Task brief
Please make an exact copy of the lines from the one holding "CHANEL�i�V���l" through the end of the data, both ends included, with no pictures.

Records provided
-.-.-

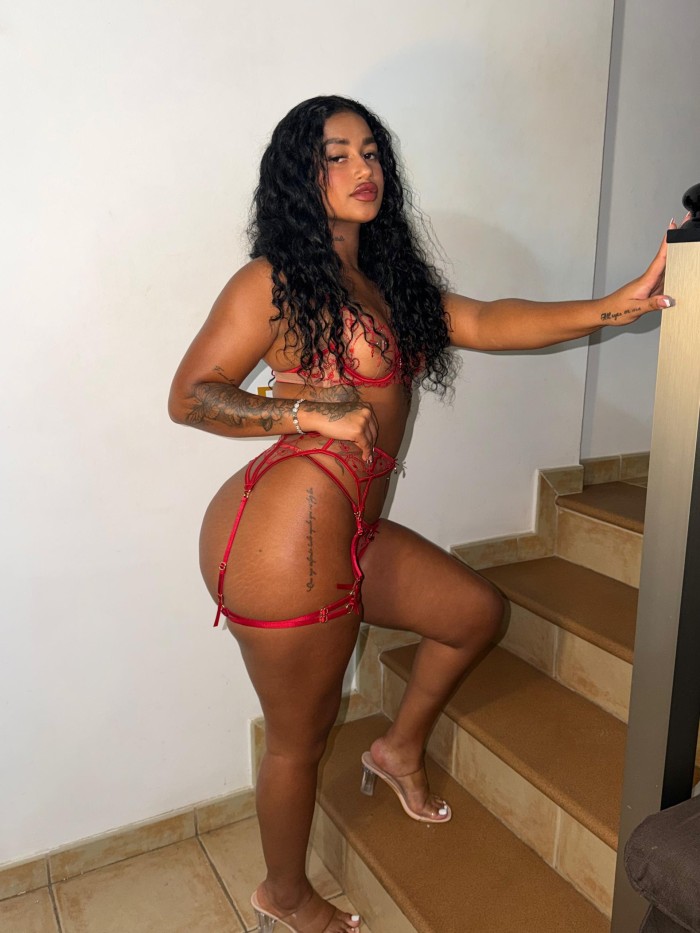 Jovencita cachonda con ganas de una buena follada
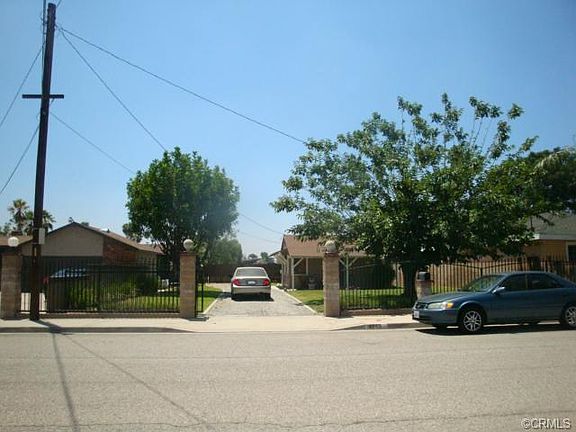 3rd image of 4549 Park Ave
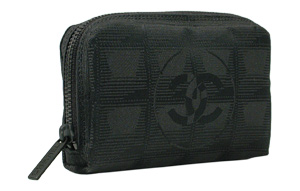 CHANEL�i�V���l���j�^�g���x���E���C���^�b�m�`�P�S�R�S�P�^�L�[�E�����O�t���~�j�E�|�[�`�^�W���K�[�h�{�J�[�t�{���^���^�u���b�N�^���΂�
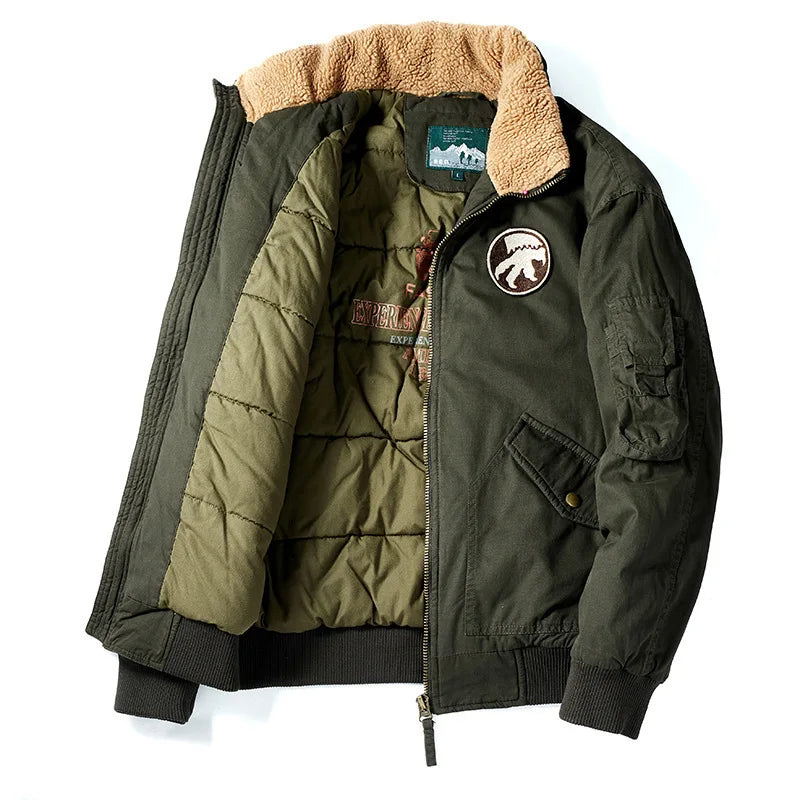 Jaqueta Masculina Acolchoada Adventure Marcanzzi MZ214 feita em materiais de alta qualidade, com forro acolchoado e design moderno para conforto no frio.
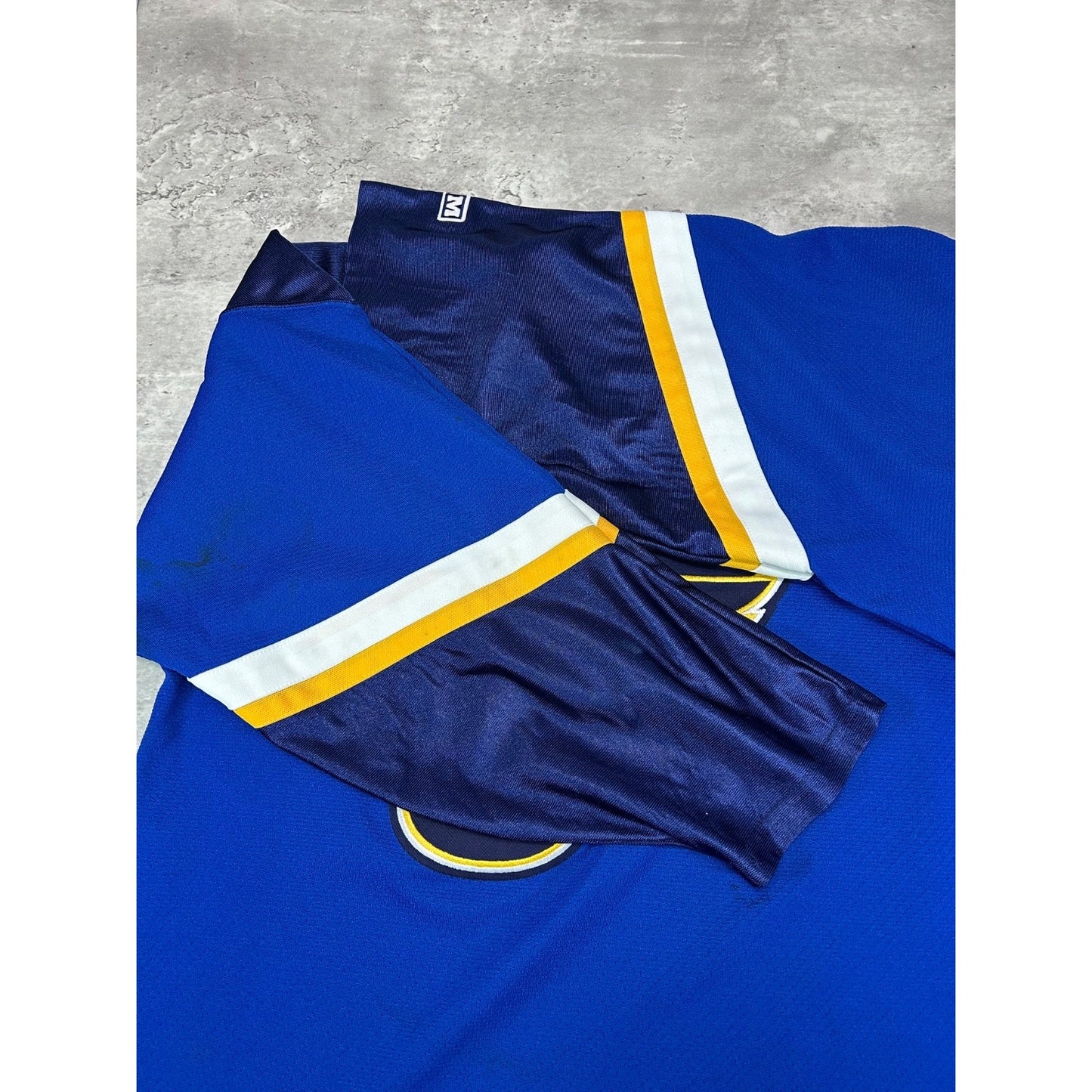 Vintage 90s St Louis Blues NHL Stitched CCM Hockey Jersey Size Large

-.-.-

Exercise output
 CHANEL�i�V���l���j�^�g���x���E���C���^�b�m�`�P�S�R�S�P�^�L�[�E�����O�t���~�j�E�|�[�`�^�W���K�[�h�{�J�[�t�{���^���^�u���b�N�^���΂�
 Jaqueta Masculina Acolchoada Adventure Marcanzzi MZ214 feita em materiais de alta qualidade, com forro acolchoado e design moderno para conforto no frio.
 Vintage 90s St Louis Blues NHL Stitched CCM Hockey Jersey Size Large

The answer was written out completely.